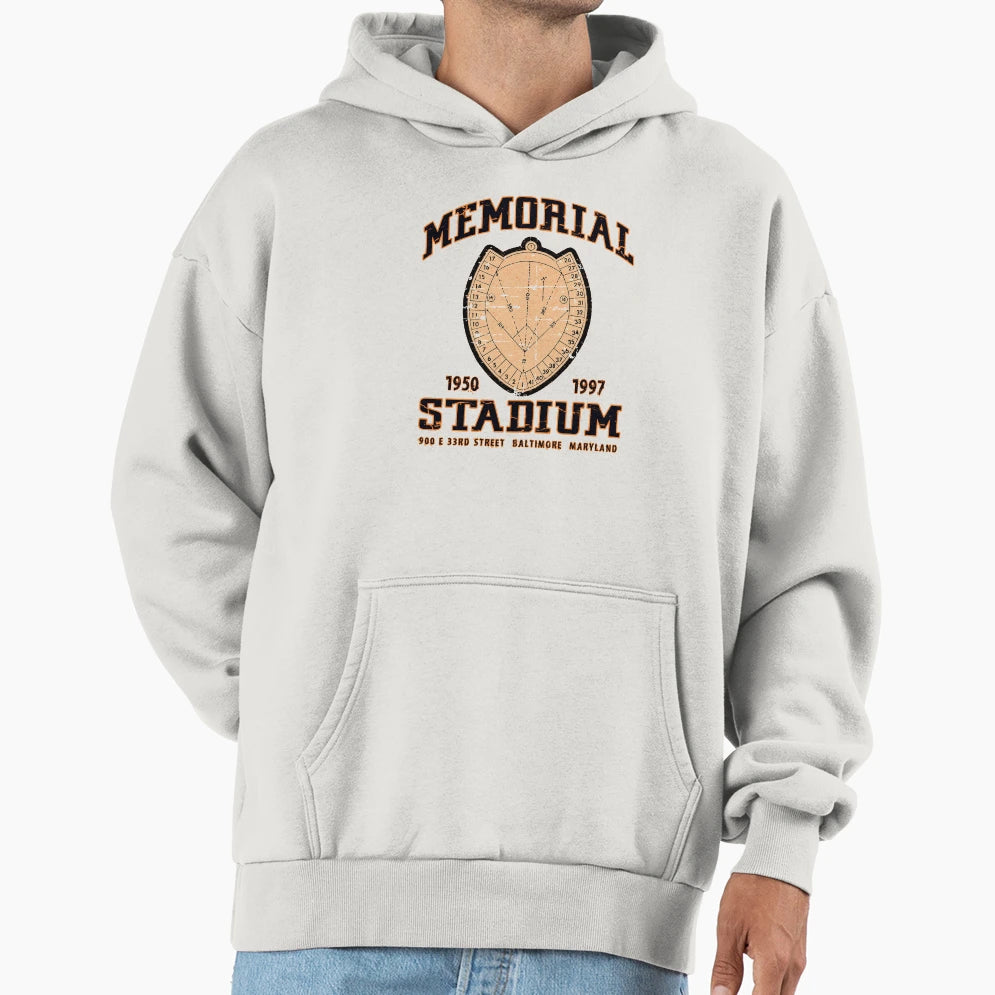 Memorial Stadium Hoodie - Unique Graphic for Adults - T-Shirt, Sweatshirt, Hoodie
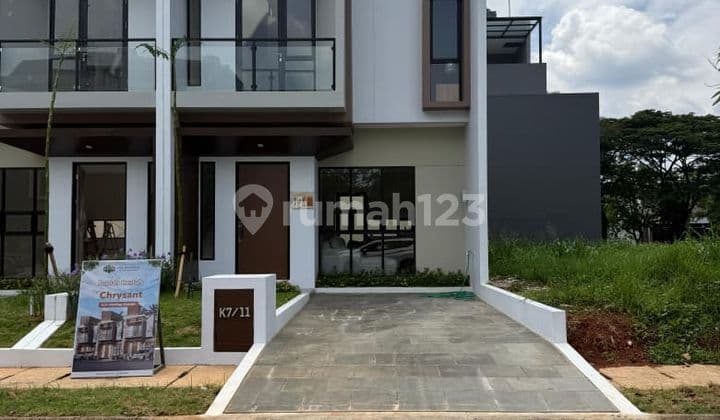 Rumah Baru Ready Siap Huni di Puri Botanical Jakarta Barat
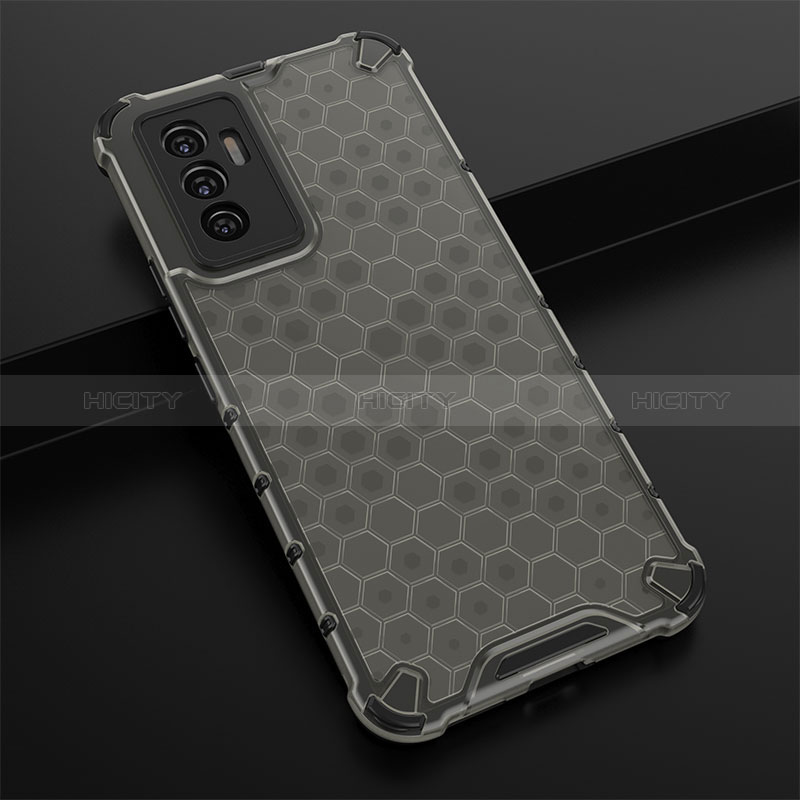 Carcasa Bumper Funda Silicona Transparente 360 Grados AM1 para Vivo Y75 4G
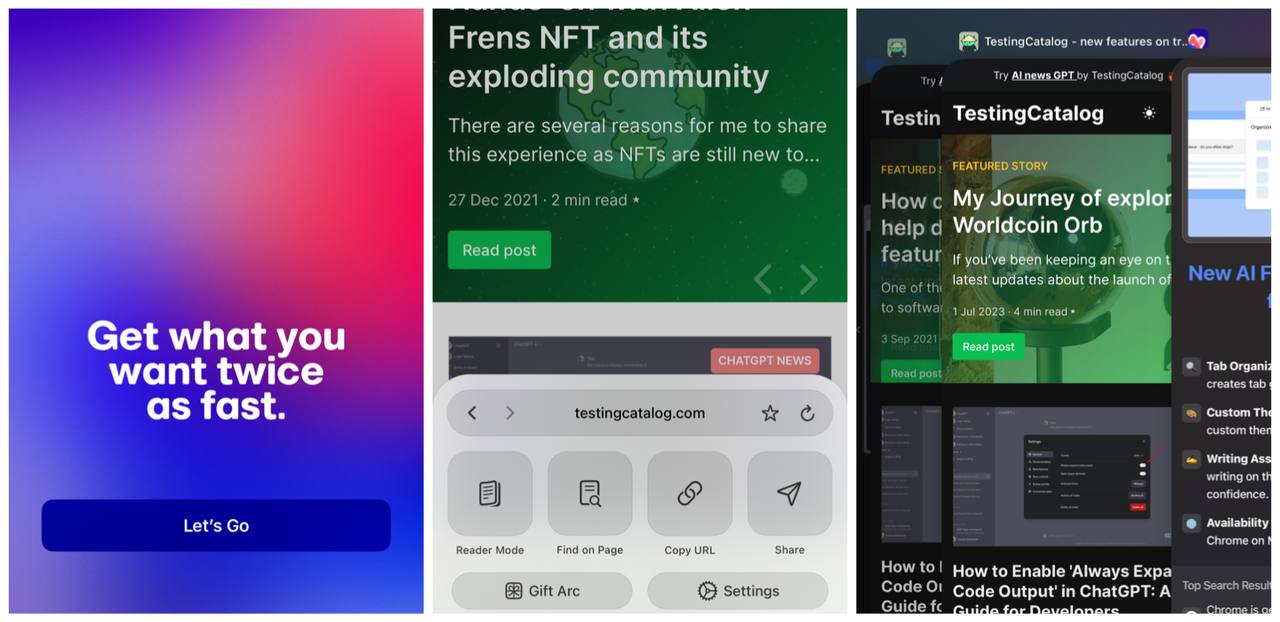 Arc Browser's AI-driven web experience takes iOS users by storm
-------------------------
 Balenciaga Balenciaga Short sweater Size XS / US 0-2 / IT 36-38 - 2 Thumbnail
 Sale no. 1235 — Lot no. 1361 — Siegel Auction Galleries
-------------------------
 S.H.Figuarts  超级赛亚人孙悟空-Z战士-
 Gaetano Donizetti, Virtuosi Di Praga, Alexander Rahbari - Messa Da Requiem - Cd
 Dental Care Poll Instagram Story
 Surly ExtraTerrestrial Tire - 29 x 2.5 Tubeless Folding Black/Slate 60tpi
-------------------------
> Work to complete: Go back to the listing above and reproduce, exactly, the stretch from the line bearing "Memorial Stadium Hoodie" through the line bearing "Arc Browser's AI-driven", without its pictures.

> Problem solution:
 Memorial Stadium Hoodie - Unique Graphic for Adults - T-Shirt, Sweatshirt, Hoodie
 Rumah Baru Ready Siap Huni di Puri Botanical Jakarta Barat
 Carcasa Bumper Funda Silicona Transparente 360 Grados AM1 para Vivo Y75 4G
 Arc Browser's AI-driven web experience takes iOS users by storm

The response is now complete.